**Problem requirements:** Start at the top and transcribe every record through the final line exactly.
* * *
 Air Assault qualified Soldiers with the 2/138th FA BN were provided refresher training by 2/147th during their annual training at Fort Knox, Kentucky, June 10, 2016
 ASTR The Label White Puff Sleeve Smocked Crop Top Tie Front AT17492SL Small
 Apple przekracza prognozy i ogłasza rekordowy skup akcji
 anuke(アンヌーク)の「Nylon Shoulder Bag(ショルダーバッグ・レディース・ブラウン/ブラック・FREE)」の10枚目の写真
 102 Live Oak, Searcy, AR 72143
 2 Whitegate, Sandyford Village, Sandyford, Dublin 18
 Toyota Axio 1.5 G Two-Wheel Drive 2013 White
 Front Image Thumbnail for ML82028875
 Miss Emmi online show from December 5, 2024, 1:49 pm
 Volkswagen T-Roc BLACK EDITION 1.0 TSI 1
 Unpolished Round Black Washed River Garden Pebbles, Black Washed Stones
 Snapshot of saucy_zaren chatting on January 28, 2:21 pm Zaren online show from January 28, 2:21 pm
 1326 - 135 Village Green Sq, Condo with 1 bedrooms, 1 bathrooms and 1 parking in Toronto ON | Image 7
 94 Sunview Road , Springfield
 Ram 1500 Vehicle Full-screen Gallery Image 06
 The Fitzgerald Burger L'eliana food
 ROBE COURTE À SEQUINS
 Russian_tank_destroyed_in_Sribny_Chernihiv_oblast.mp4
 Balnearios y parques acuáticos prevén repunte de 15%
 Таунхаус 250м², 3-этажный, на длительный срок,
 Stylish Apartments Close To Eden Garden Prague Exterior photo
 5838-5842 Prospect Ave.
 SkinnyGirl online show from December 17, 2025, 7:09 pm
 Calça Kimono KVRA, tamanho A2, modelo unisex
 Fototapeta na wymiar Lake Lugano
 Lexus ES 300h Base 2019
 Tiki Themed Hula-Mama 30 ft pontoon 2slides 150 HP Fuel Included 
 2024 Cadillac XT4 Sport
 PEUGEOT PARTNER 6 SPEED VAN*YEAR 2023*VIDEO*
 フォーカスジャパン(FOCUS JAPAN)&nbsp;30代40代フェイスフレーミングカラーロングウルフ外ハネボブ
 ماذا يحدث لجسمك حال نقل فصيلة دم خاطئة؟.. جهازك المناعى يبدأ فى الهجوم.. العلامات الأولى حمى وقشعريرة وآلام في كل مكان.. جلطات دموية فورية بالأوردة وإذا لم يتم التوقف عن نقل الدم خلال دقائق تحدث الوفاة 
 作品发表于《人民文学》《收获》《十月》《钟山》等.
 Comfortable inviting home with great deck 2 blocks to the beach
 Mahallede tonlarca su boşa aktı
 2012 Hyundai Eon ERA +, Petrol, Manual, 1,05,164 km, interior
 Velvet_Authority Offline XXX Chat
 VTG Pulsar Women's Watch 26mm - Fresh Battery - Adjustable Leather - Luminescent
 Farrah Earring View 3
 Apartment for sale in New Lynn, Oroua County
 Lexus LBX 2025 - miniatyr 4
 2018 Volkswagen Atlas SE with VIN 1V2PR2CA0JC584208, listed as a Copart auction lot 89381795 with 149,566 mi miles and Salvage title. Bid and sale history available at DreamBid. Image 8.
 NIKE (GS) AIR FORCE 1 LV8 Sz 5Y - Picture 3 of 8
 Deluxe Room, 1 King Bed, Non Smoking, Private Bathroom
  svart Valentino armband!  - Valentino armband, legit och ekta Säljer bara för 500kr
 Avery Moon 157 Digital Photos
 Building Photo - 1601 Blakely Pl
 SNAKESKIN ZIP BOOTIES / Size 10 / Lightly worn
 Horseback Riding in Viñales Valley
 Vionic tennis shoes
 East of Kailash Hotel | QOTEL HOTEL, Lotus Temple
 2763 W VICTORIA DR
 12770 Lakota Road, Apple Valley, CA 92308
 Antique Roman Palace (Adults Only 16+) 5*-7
* * *
**Your response:**
 Air Assault qualified Soldiers with the 2/138th FA BN were provided refresher training by 2/147th during their annual training at Fort Knox, Kentucky, June 10, 2016
 ASTR The Label White Puff Sleeve Smocked Crop Top Tie Front AT17492SL Small
 Apple przekracza prognozy i ogłasza rekordowy skup akcji
 anuke(アンヌーク)の「Nylon Shoulder Bag(ショルダーバッグ・レディース・ブラウン/ブラック・FREE)」の10枚目の写真
 102 Live Oak, Searcy, AR 72143
 2 Whitegate, Sandyford Village, Sandyford, Dublin 18
 Toyota Axio 1.5 G Two-Wheel Drive 2013 White
 Front Image Thumbnail for ML82028875
 Miss Emmi online show from December 5, 2024, 1:49 pm
 Volkswagen T-Roc BLACK EDITION 1.0 TSI 1
 Unpolished Round Black Washed River Garden Pebbles, Black Washed Stones
 Snapshot of saucy_zaren chatting on January 28, 2:21 pm Zaren online show from January 28, 2:21 pm
 1326 - 135 Village Green Sq, Condo with 1 bedrooms, 1 bathrooms and 1 parking in Toronto ON | Image 7
 94 Sunview Road , Springfield
 Ram 1500 Vehicle Full-screen Gallery Image 06
 The Fitzgerald Burger L'eliana food
 ROBE COURTE À SEQUINS
 Russian_tank_destroyed_in_Sribny_Chernihiv_oblast.mp4
 Balnearios y parques acuáticos prevén repunte de 15%
 Таунхаус 250м², 3-этажный, на длительный срок,
 Stylish Apartments Close To Eden Garden Prague Exterior photo
 5838-5842 Prospect Ave.
 SkinnyGirl online show from December 17, 2025, 7:09 pm
 Calça Kimono KVRA, tamanho A2, modelo unisex
 Fototapeta na wymiar Lake Lugano
 Lexus ES 300h Base 2019
 Tiki Themed Hula-Mama 30 ft pontoon 2slides 150 HP Fuel Included 
 2024 Cadillac XT4 Sport
 PEUGEOT PARTNER 6 SPEED VAN*YEAR 2023*VIDEO*
 フォーカスジャパン(FOCUS JAPAN)&nbsp;30代40代フェイスフレーミングカラーロングウルフ外ハネボブ
 ماذا يحدث لجسمك حال نقل فصيلة دم خاطئة؟.. جهازك المناعى يبدأ فى الهجوم.. العلامات الأولى حمى وقشعريرة وآلام في كل مكان.. جلطات دموية فورية بالأوردة وإذا لم يتم التوقف عن نقل الدم خلال دقائق تحدث الوفاة 
 作品发表于《人民文学》《收获》《十月》《钟山》等.
 Comfortable inviting home with great deck 2 blocks to the beach
 Mahallede tonlarca su boşa aktı
 2012 Hyundai Eon ERA +, Petrol, Manual, 1,05,164 km, interior
 Velvet_Authority Offline XXX Chat
 VTG Pulsar Women's Watch 26mm - Fresh Battery - Adjustable Leather - Luminescent
 Farrah Earring View 3
 Apartment for sale in New Lynn, Oroua County
 Lexus LBX 2025 - miniatyr 4
 2018 Volkswagen Atlas SE with VIN 1V2PR2CA0JC584208, listed as a Copart auction lot 89381795 with 149,566 mi miles and Salvage title. Bid and sale history available at DreamBid. Image 8.
 NIKE (GS) AIR FORCE 1 LV8 Sz 5Y - Picture 3 of 8
 Deluxe Room, 1 King Bed, Non Smoking, Private Bathroom
  svart Valentino armband!  - Valentino armband, legit och ekta Säljer bara för 500kr
 Avery Moon 157 Digital Photos
 Building Photo - 1601 Blakely Pl
 SNAKESKIN ZIP BOOTIES / Size 10 / Lightly worn
 Horseback Riding in Viñales Valley
 Vionic tennis shoes
 East of Kailash Hotel | QOTEL HOTEL, Lotus Temple
 2763 W VICTORIA DR
 12770 Lakota Road, Apple Valley, CA 92308
 Antique Roman Palace (Adults Only 16+) 5*-7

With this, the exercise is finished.